其实,早在上个世纪,天文学家就开始探索天体的“闪烁”了。
20世纪60年代,英国科学家发现能稳定发射脉冲信号的致密天体脉冲星,记录到其像心电图一样的系列脉冲。这一发现后来获得了诺贝尔物理学奖,脉冲星也因其在天文研究中的重要性,被人们称为“宇宙的灯塔”。
但是,天文学家并不想止步于此。尽管脉冲星“小小的身体里蕴藏着大大的质量”,其引力仍无法和黑洞相提并论。“我们常说,没有一束光可以逃过黑洞的引力。”王伟分析说。
那么,没有“光”,要通过什么来观测?
“相关的研究有很多,但我们想做的是探索黑洞特殊的射电信号。”据王伟介绍,黑洞会把其周围物质“拉”进来并加热,之后再把它们“抛”出去,形成喷流。通过观测微弱的喷流信号,科学家们就可以揭开黑洞神秘面纱的一角。
此前,王伟团队主要使用“慧眼”卫星探索黑洞。随着“中国天眼”(500米口径球面射电望远镜,简称FAST)建成投入使用并产出很多天文新发现,一个大胆的想法在王伟心中萌生——能不能利用FAST观测黑洞?
FAST主要观测目标是脉冲星等天体,在科学目标设计上并没有观测黑洞这一项。 这一次,王伟团队利用FAST,首次对黑洞微类星体开展时间分辨率高达50微秒的射电观测。
“黑洞越神秘,我们就越想要探索。”王伟说,“我们做的是有史以来最高精度的黑洞射电观测。”在50微秒的高时间精度下,黑洞在毫秒之间的变化都逃不过FAST的“眼睛”。
2019年有了初步想法,并申请到FAST观测时间的王伟,开始推进这一课题。
自2020年初起,来自黑洞的微弱射电信号就开始源源不断地被FAST接收并存储下来。
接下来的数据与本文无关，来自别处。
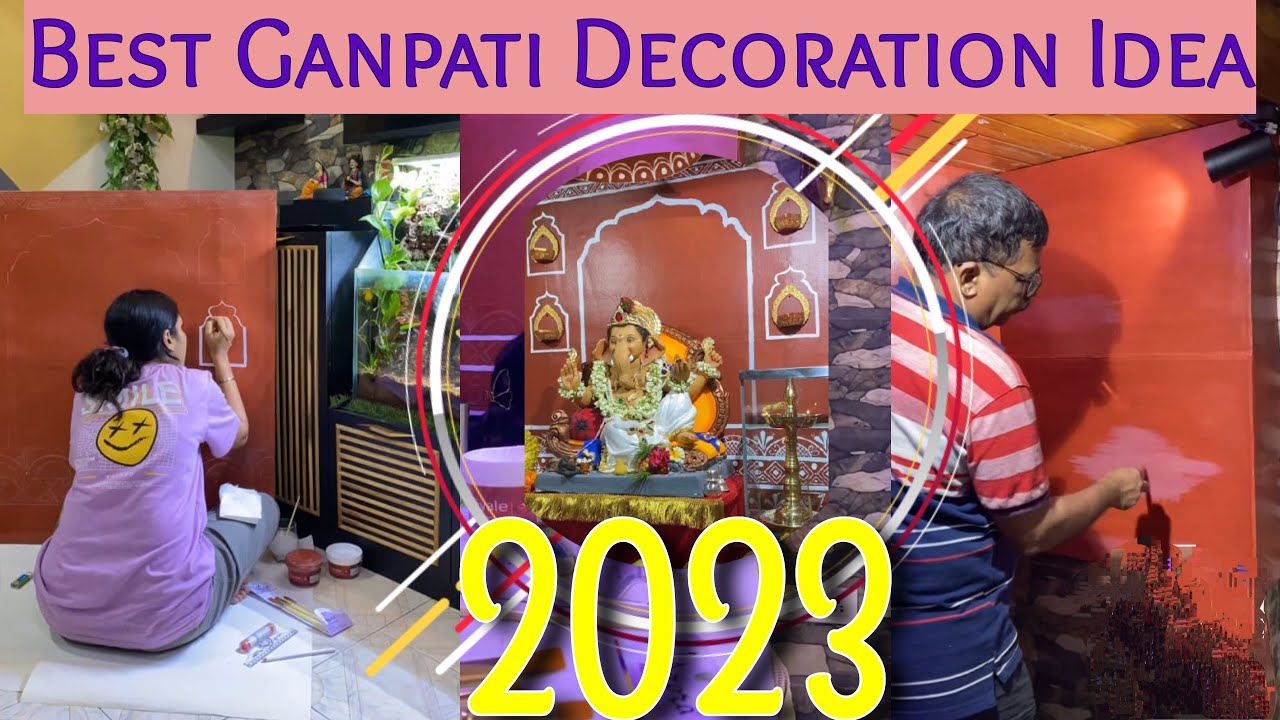 Best Ganpati Decoration idea 2023  Simple and Easy Ganpati Decorations  ganeshchaturthidecoration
不过受疫情影响,数据一直无法获取并进行分析。同年暑期,一名学生加入王伟团队攻读博士学位,开始参与处理这些已积累几个月的观测数据。
彼时,这名博士生还不知道这是怎样的一个“大工程”。
“数据堆”里找“闪烁”
“从我2020年7月加入团队,到这篇文章正式被接收,过了3年时间。”论文第一作者、团队成员2023届博士毕业生田鹏夫告诉《中国科学报》。
在这“漫长”的3年中,他的主要工作就是数据处理。
“其实,如果只是处理数据,不会花这么长时间。”田鹏夫说,“这与我起初对研究内容完全不熟悉有关。”
几乎是从“零”开始的田鹏夫在合作团队成员的指导下,学习相关的数据处理方法。但是,由于如此高精度的黑洞“闪烁”研究前所未有,即便有老师指导,也需要他自己摸索着前进。
编写数据处理软件系统、自组计算机集群、开拓新的物理途径……相关研究工作几乎都是从“新”开始。“由于观测和数据分析方法都是全新的,很多工作都需要自行创造研究条件。因此,我们进行了艰难的尝试。”王伟说。
2021年,该团队在一堆数据中发现了一个“不一样”的信号。兴奋之下,验证后的结果却给大家泼了一盆冷水——这个信号是由于仪器自身的抖动造成的,与黑洞等天体无关。
回忆起当时的情景,田鹏夫至今仍有些挫败感,“感觉心里空落落的。做了一年多,别说有结果,甚至连方法都是错的”。
更令他着急的是,同一批跟着导师王伟读博的3名博士研究生中,除他之外,另外两名同学都频频发表SCI论文。其中一名同学3年发了3篇,平均一年1篇;另一名同学3年发了5篇,差不多半年1篇,而他聚焦的黑洞“闪烁”因为“太过虚幻”,直到临近毕业,连一篇论文都没有。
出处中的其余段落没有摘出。